━━━ PROVIDED DATA ━━━

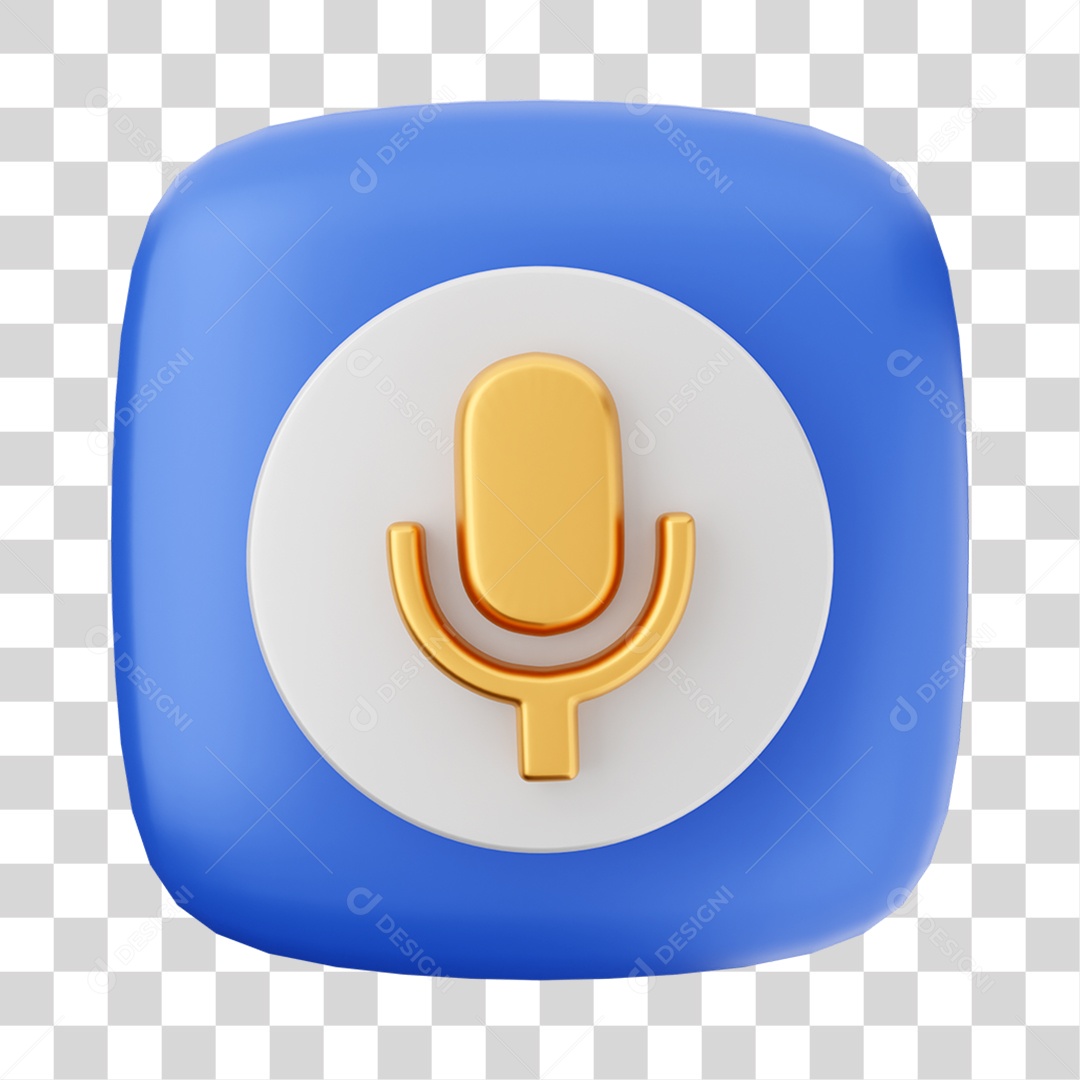 Ícone 3D Microfone Para Composição PNG Transparente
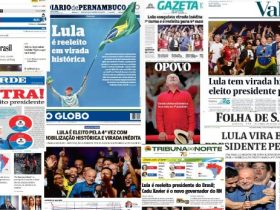 Montagem de capas de jornais brasileiros destacando a vitória eleitoral de Lula, com manchetes de O Globo, Folha de S.Paulo, Valor, A Tarde, Diário de Pernambuco, Gazeta, O Povo e Tribuna do Norte.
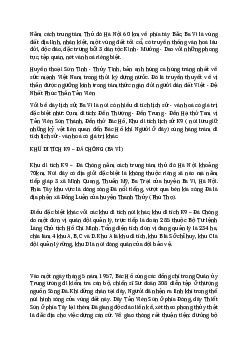 Giới thiệu về khu di tích K9 - Đá Chông (Ba Vì)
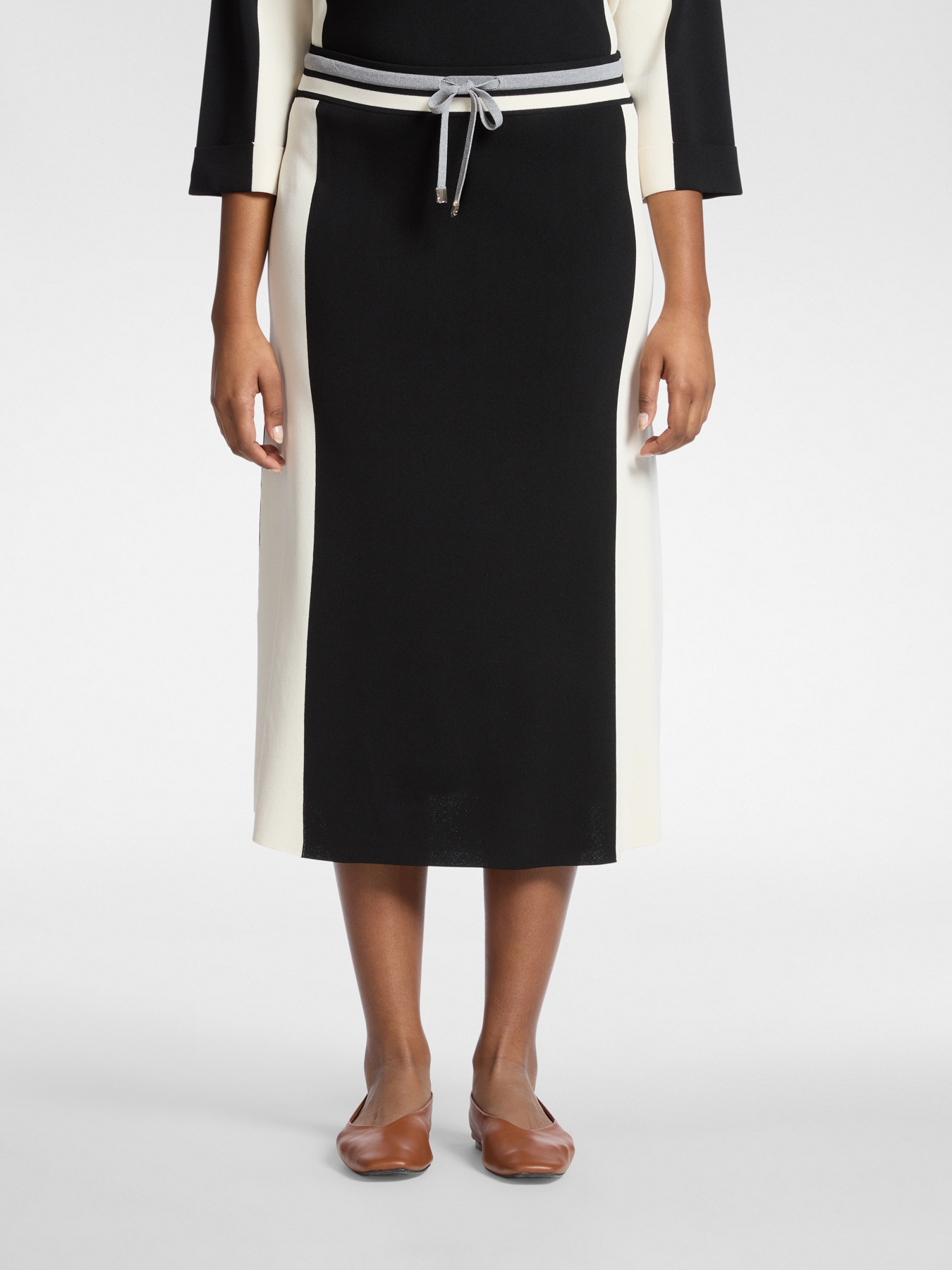 Viscose colour block pencil skirt image number 2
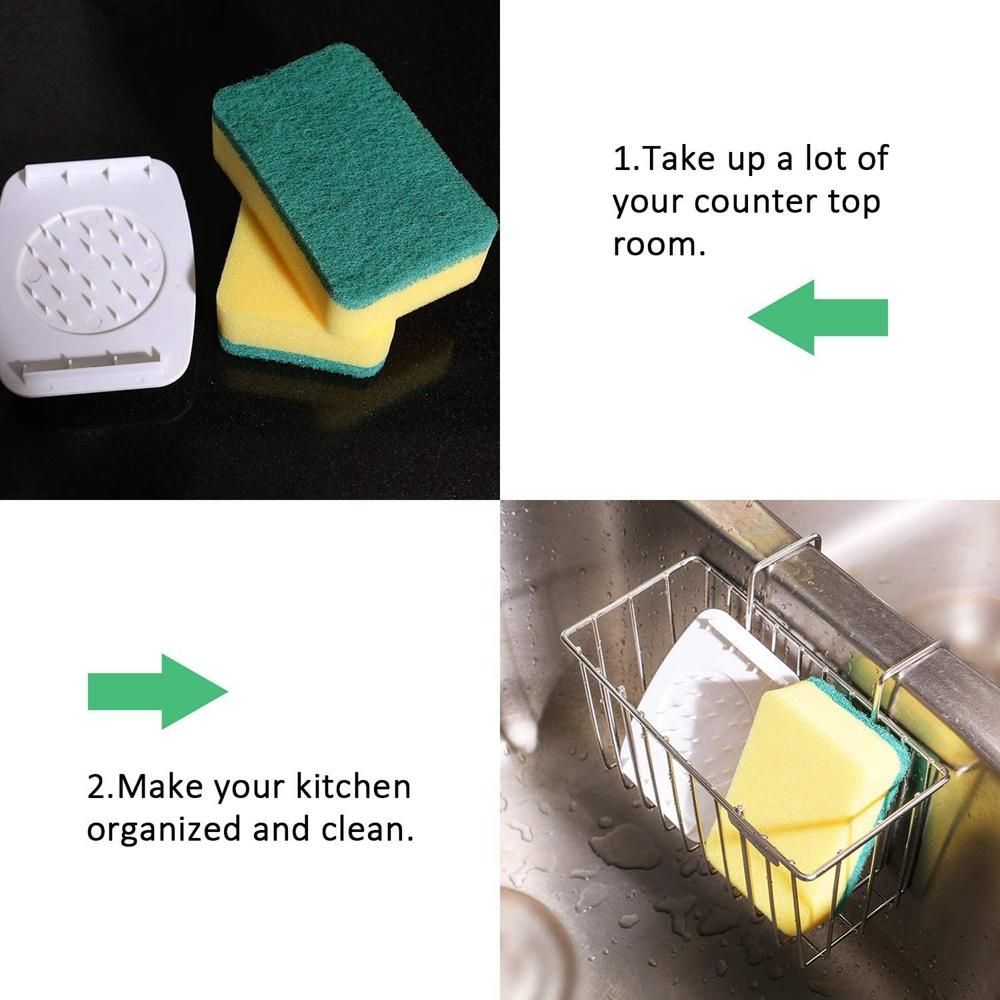 Durable Brush Storage Sink Accessory Home Sponge Holder Drainer Rack Kitchen Supplies Sink Basket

━━━

Excluding the pictures, restate the records above word for word.

• **RESPONSE**:
 Ícone 3D Microfone Para Composição PNG Transparente
 Montagem de capas de jornais brasileiros destacando a vitória eleitoral de Lula, com manchetes de O Globo, Folha de S.Paulo, Valor, A Tarde, Diário de Pernambuco, Gazeta, O Povo e Tribuna do Norte.
 Giới thiệu về khu di tích K9 - Đá Chông (Ba Vì)
 Viscose colour block pencil skirt image number 2
 Durable Brush Storage Sink Accessory Home Sponge Holder Drainer Rack Kitchen Supplies Sink Basket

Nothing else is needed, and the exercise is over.